Segment Open

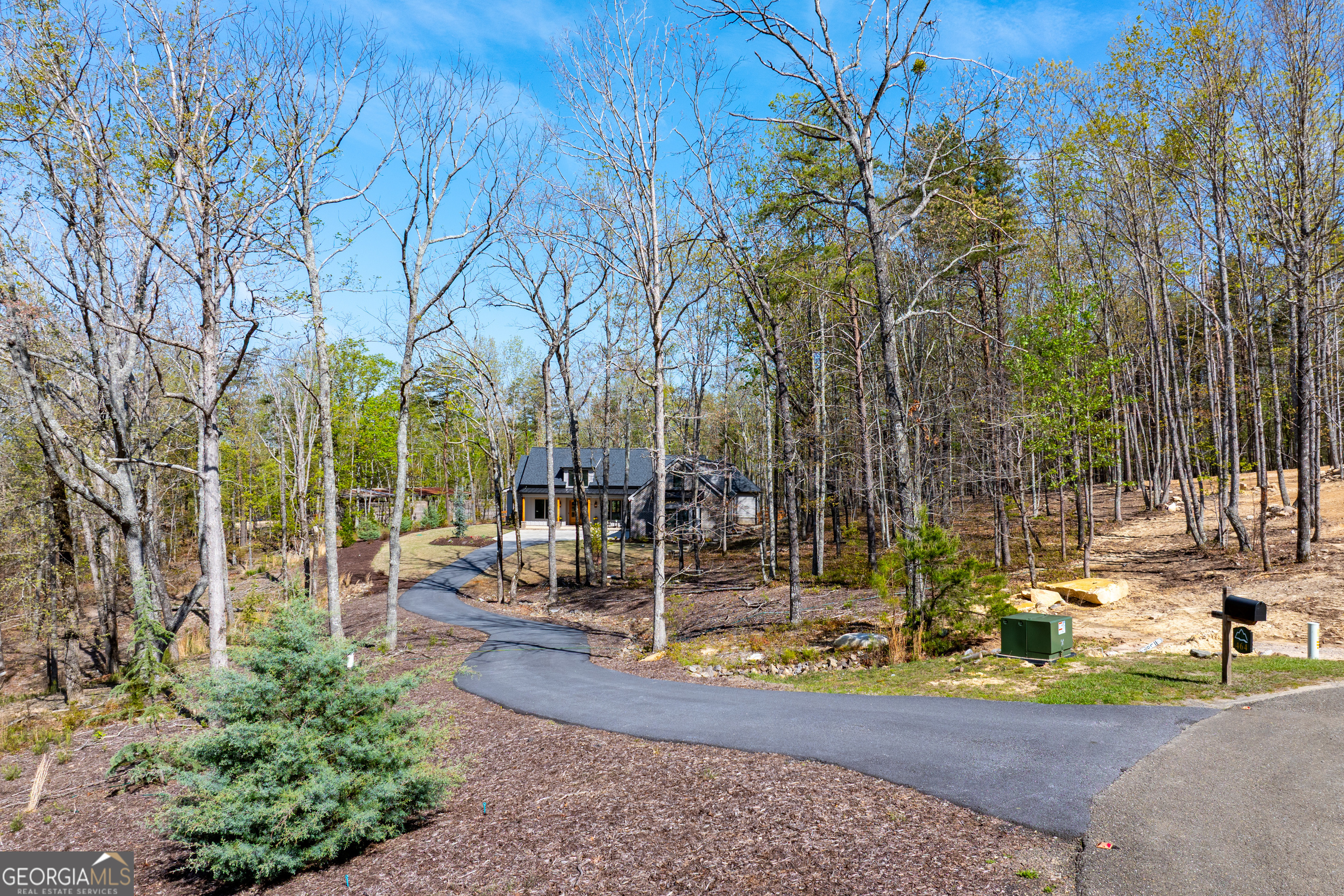 464 Stonehaven CT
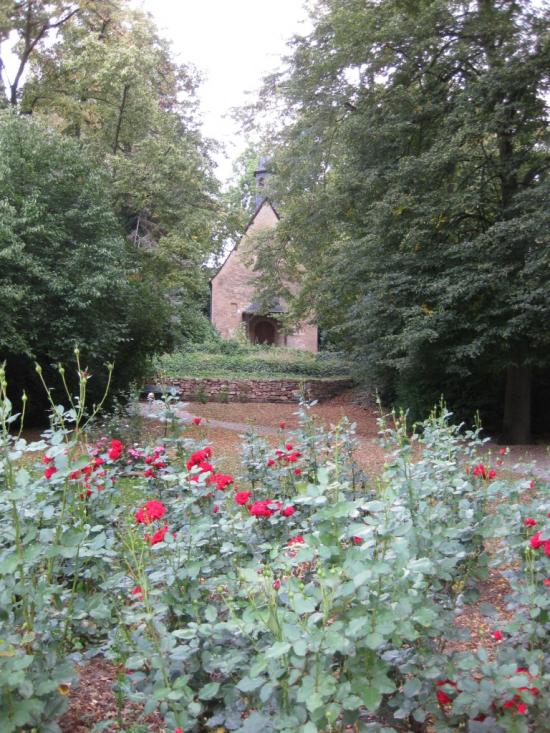 LA CHAPELLE DANS LE PARC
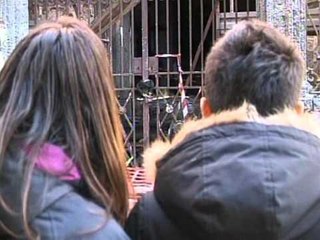 Napoli - Le fiamme incendiano la chiesa della Scorziata
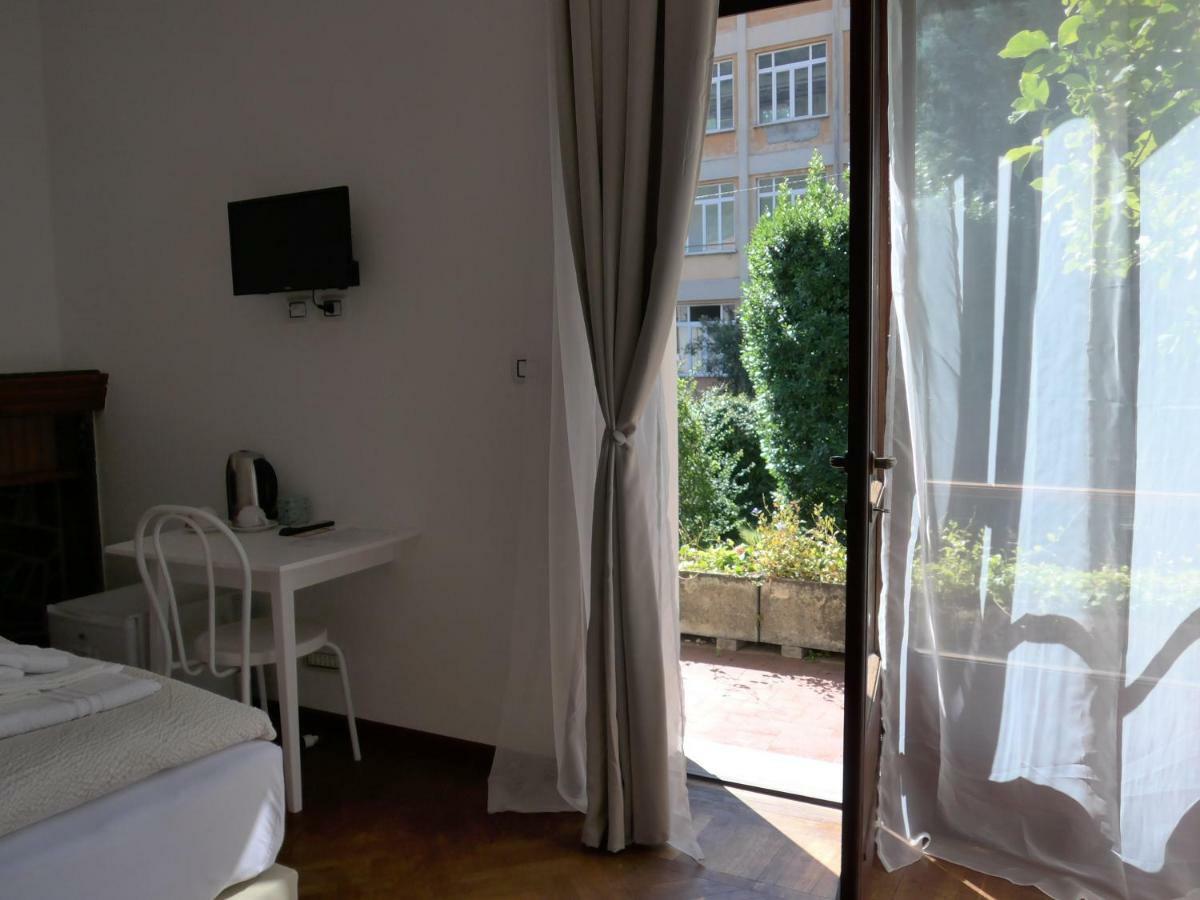 La Tana Rooms เลนโน ภายนอก รูปภาพ
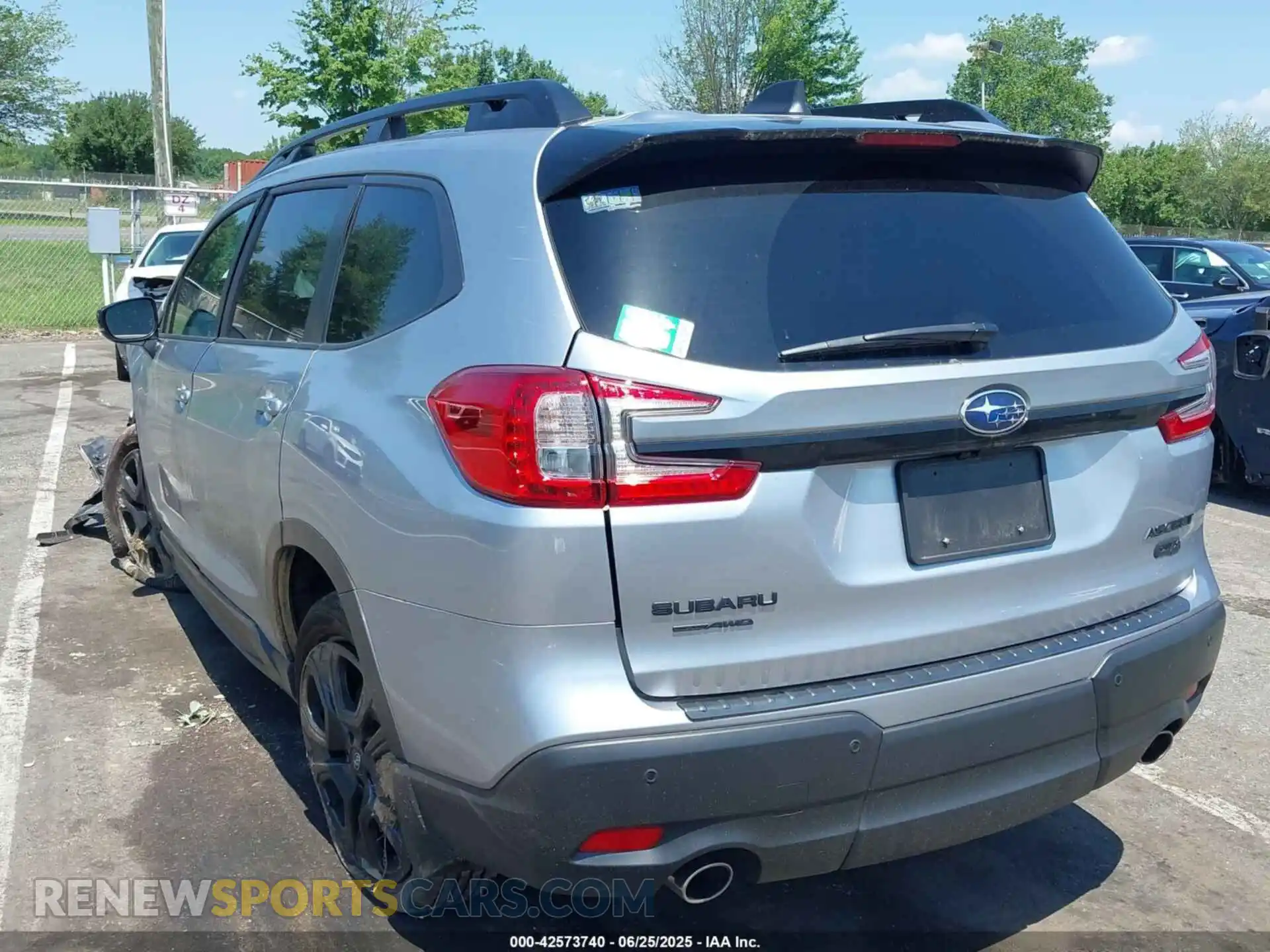 3 Photograph of a damaged car 4S4WMAHD4R3454870 SUBARU ASCENT 2024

Segment Closed

### Problem to solve
Each line of the data must be restated exactly, and the pictures must be left out.

### Result of this task
 464 Stonehaven CT
 LA CHAPELLE DANS LE PARC
 Napoli - Le fiamme incendiano la chiesa della Scorziata
 La Tana Rooms เลนโน ภายนอก รูปภาพ
 3 Photograph of a damaged car 4S4WMAHD4R3454870 SUBARU ASCENT 2024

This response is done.